PROVIDED DATA:
= = = = = = =

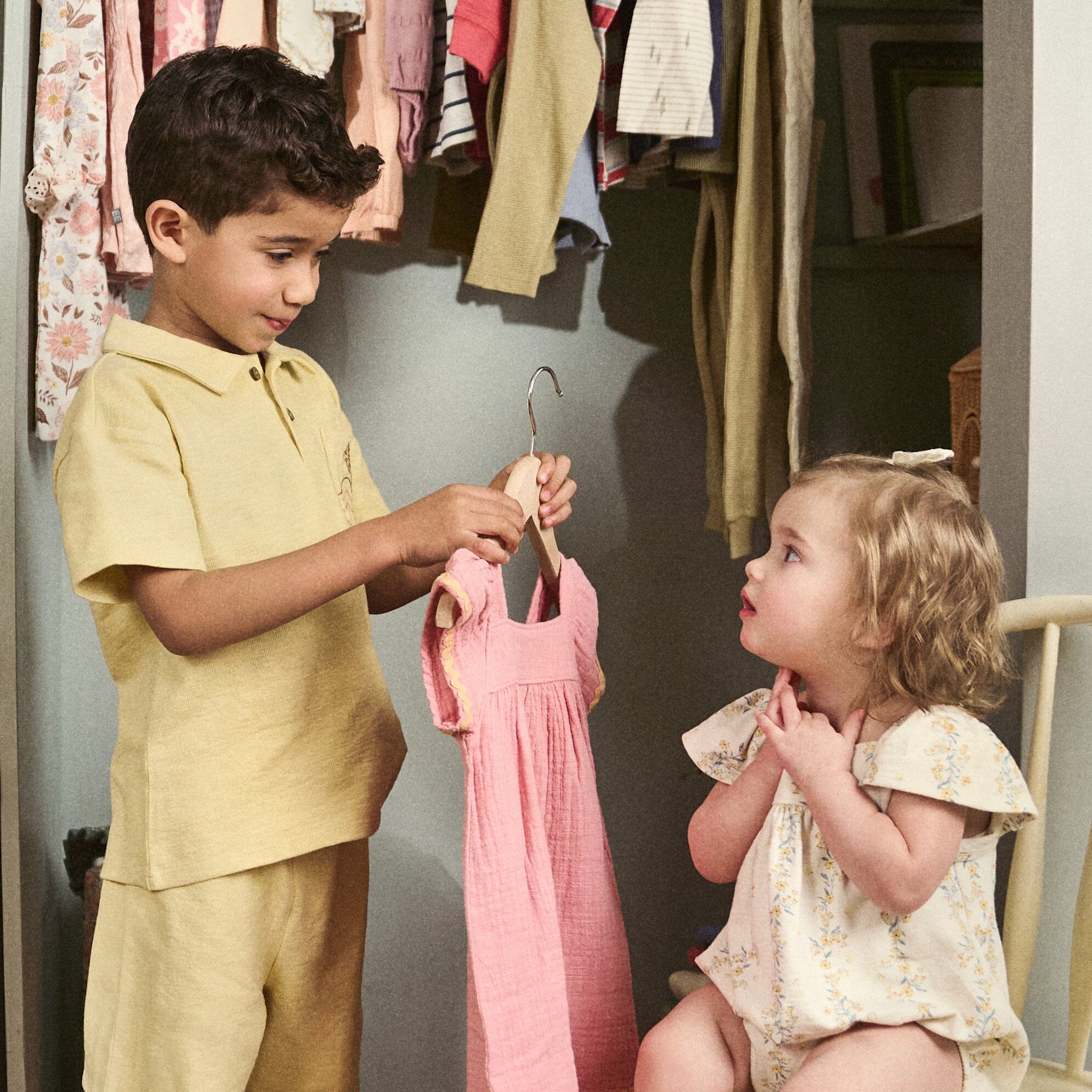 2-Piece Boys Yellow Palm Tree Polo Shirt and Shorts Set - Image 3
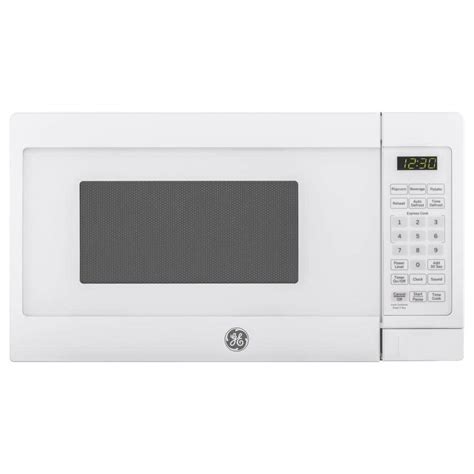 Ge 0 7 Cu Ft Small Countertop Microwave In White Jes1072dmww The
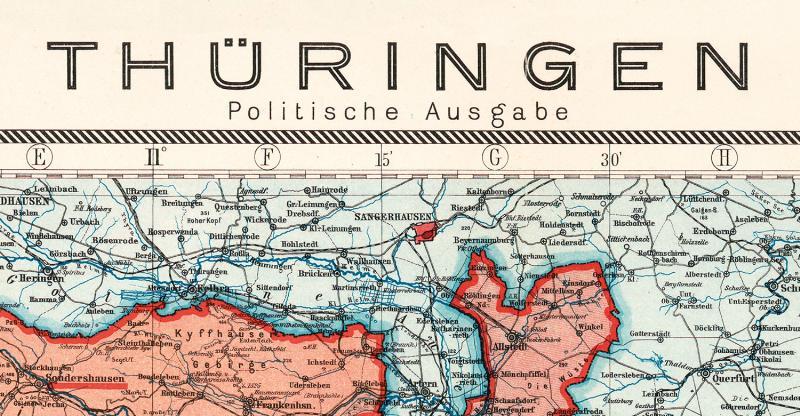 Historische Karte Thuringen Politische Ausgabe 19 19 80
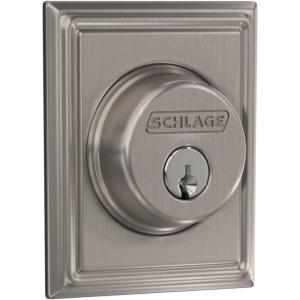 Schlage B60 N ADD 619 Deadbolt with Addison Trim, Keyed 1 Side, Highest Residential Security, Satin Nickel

= = = = = = =

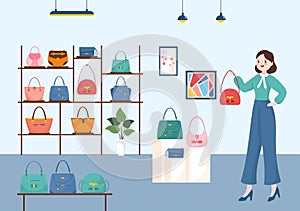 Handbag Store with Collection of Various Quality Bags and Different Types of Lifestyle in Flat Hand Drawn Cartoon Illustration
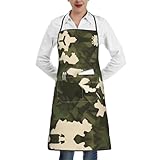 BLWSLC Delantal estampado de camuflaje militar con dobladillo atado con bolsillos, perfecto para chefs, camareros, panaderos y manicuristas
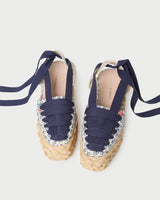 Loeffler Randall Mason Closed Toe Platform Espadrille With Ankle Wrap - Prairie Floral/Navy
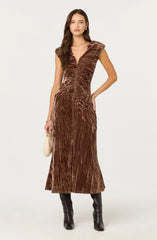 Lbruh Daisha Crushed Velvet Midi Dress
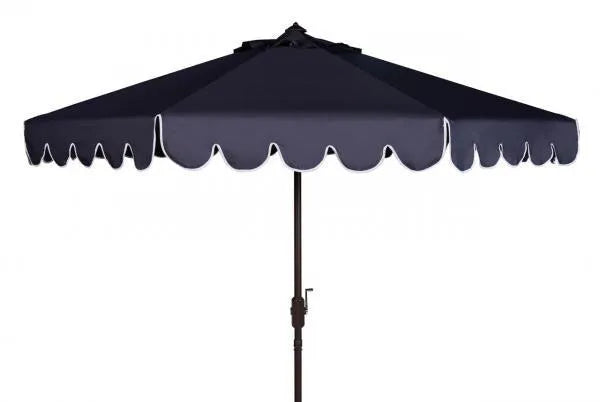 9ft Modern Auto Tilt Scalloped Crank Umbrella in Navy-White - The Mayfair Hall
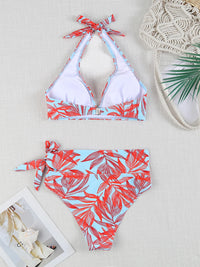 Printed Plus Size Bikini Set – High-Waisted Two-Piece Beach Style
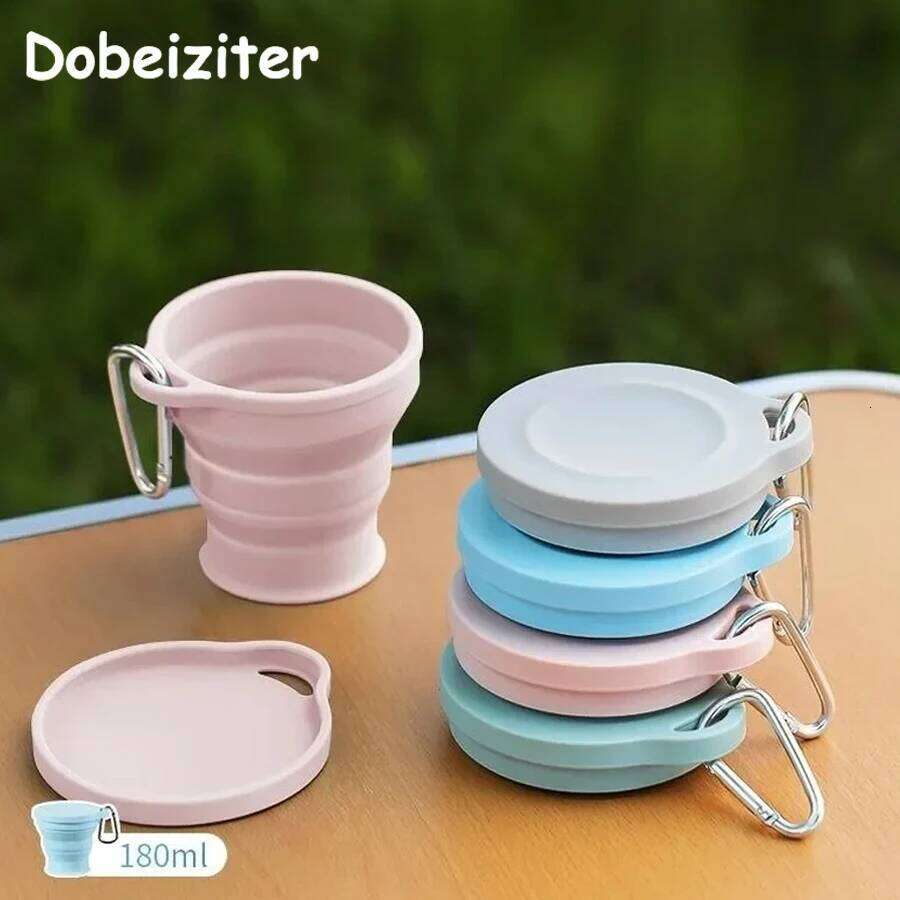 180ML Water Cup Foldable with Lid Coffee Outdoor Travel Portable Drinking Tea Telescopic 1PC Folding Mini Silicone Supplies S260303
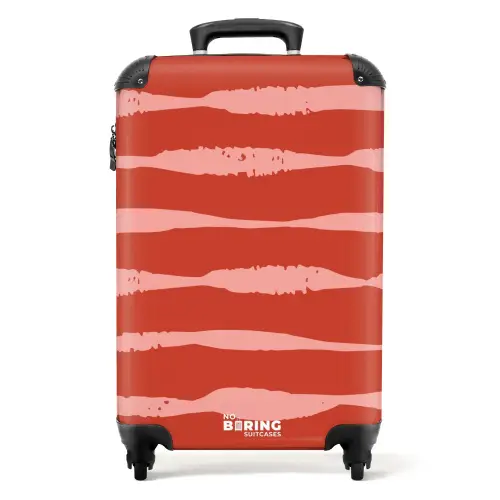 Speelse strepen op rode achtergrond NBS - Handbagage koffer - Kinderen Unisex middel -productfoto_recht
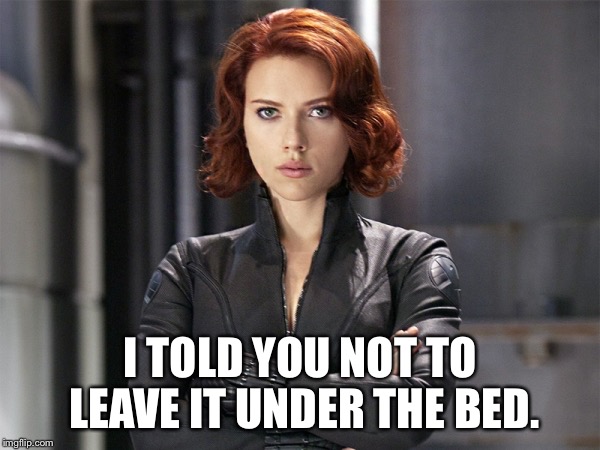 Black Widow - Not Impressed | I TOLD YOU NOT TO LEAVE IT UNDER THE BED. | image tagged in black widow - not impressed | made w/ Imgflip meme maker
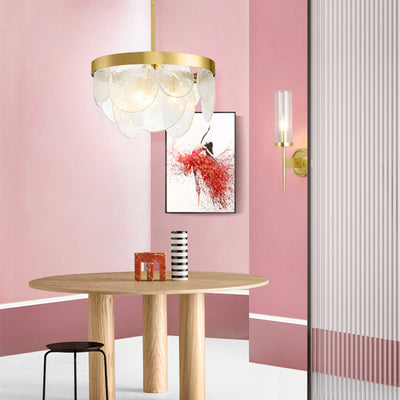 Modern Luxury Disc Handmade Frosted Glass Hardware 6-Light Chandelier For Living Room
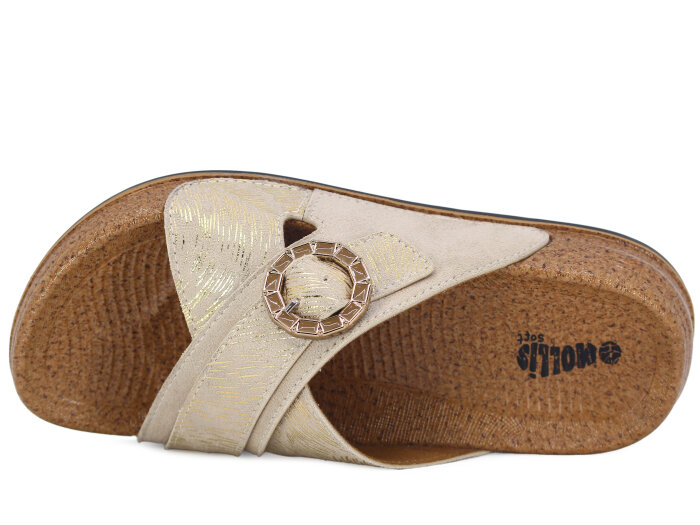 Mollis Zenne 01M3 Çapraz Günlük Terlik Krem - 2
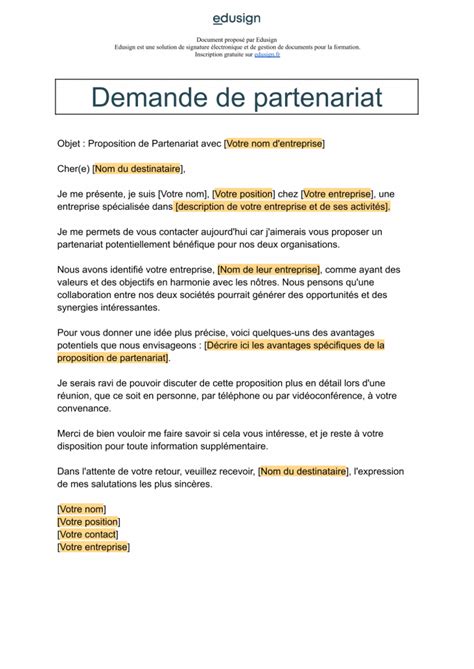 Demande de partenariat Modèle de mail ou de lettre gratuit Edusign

= = = = = = =

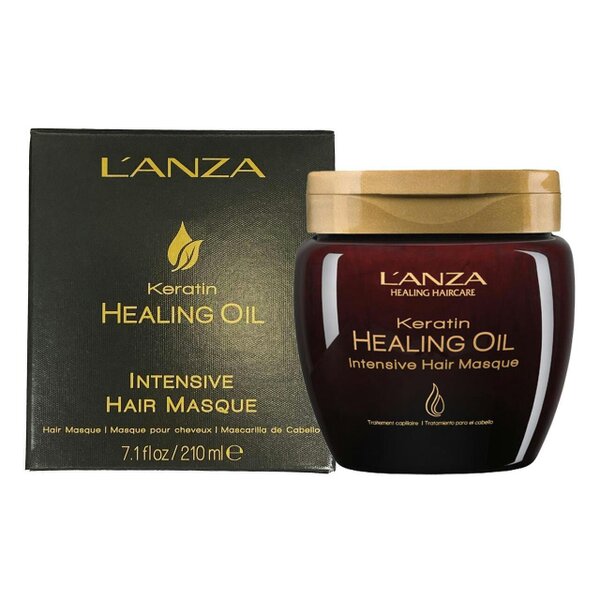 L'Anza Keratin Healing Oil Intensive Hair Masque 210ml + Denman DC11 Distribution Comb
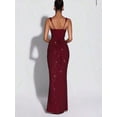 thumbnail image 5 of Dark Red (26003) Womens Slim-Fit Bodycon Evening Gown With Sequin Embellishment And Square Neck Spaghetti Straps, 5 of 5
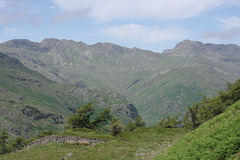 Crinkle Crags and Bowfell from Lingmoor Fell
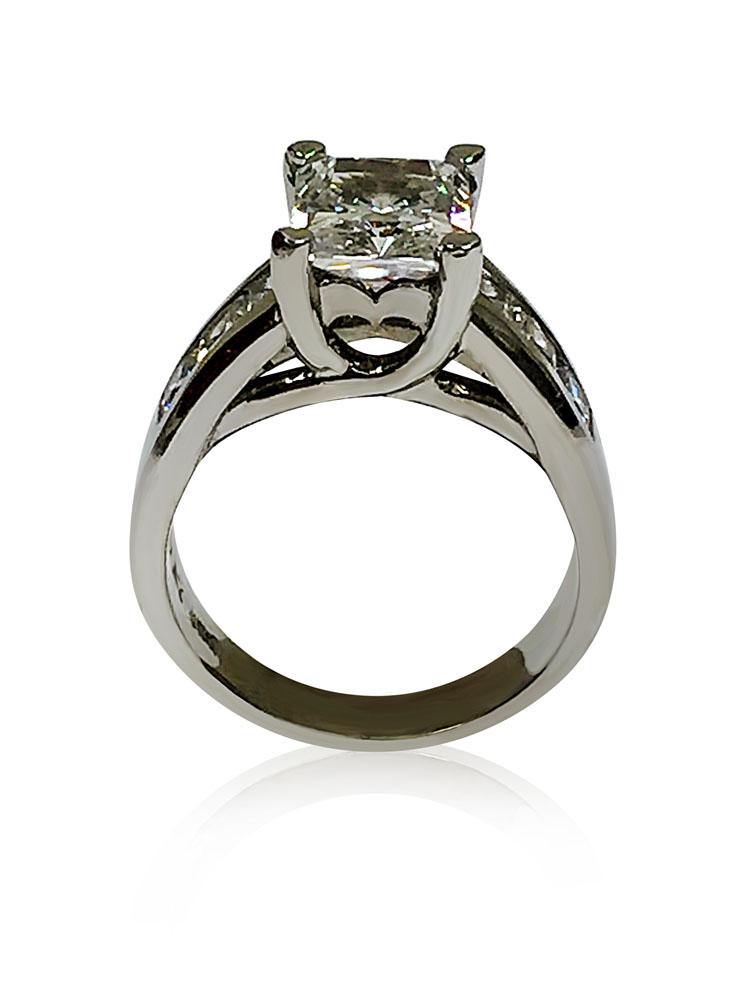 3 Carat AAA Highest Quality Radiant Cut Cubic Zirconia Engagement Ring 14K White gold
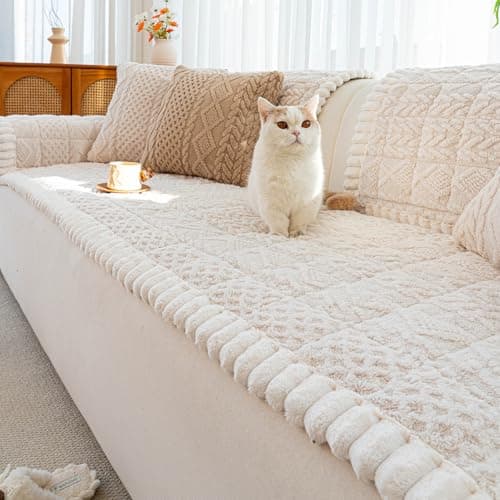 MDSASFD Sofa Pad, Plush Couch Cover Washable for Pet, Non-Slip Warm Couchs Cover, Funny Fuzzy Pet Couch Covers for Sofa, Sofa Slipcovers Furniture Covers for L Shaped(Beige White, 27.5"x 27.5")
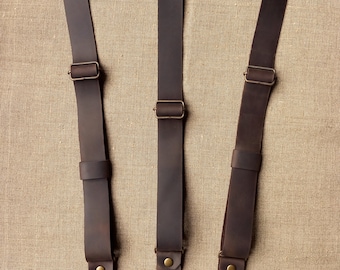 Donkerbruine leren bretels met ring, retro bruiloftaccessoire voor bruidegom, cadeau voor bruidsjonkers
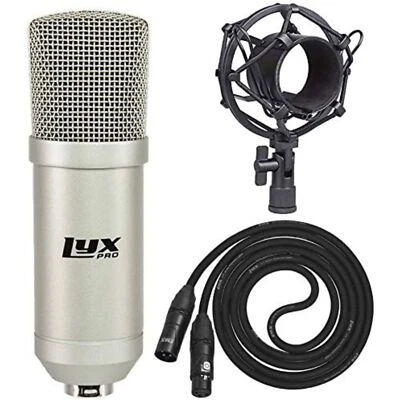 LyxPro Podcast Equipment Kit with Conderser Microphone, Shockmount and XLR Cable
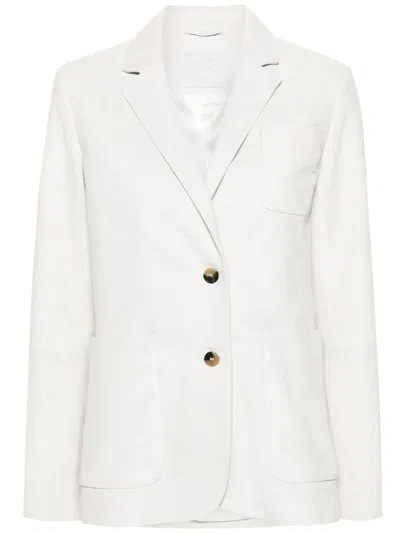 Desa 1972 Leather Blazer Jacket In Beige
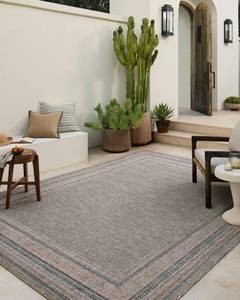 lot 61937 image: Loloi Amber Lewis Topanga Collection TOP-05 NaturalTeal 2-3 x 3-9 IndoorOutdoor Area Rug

= = = = = = =

ABOUT THIS EXERCISE: Nothing but the lines from the one containing "Handbag Store with" through the one containing "Demande de partenariat" should appear, copied exactly from the material above and without pictures.

ANSWER FOR THIS EXERCISE:
 Handbag Store with Collection of Various Quality Bags and Different Types of Lifestyle in Flat Hand Drawn Cartoon Illustration
 BLWSLC Delantal estampado de camuflaje militar con dobladillo atado con bolsillos, perfecto para chefs, camareros, panaderos y manicuristas
 Loeffler Randall Mason Closed Toe Platform Espadrille With Ankle Wrap - Prairie Floral/Navy
 Lbruh Daisha Crushed Velvet Midi Dress
 9ft Modern Auto Tilt Scalloped Crank Umbrella in Navy-White - The Mayfair Hall
 Printed Plus Size Bikini Set – High-Waisted Two-Piece Beach Style
 180ML Water Cup Foldable with Lid Coffee Outdoor Travel Portable Drinking Tea Telescopic 1PC Folding Mini Silicone Supplies S260303
 Speelse strepen op rode achtergrond NBS - Handbagage koffer - Kinderen Unisex middel -productfoto_recht
 Black Widow - Not Impressed | I TOLD YOU NOT TO LEAVE IT UNDER THE BED. | image tagged in black widow - not impressed | made w/ Imgflip meme maker
 Modern Luxury Disc Handmade Frosted Glass Hardware 6-Light Chandelier For Living Room
 Mollis Zenne 01M3 Çapraz Günlük Terlik Krem - 2
 Demande de partenariat Modèle de mail ou de lettre gratuit Edusign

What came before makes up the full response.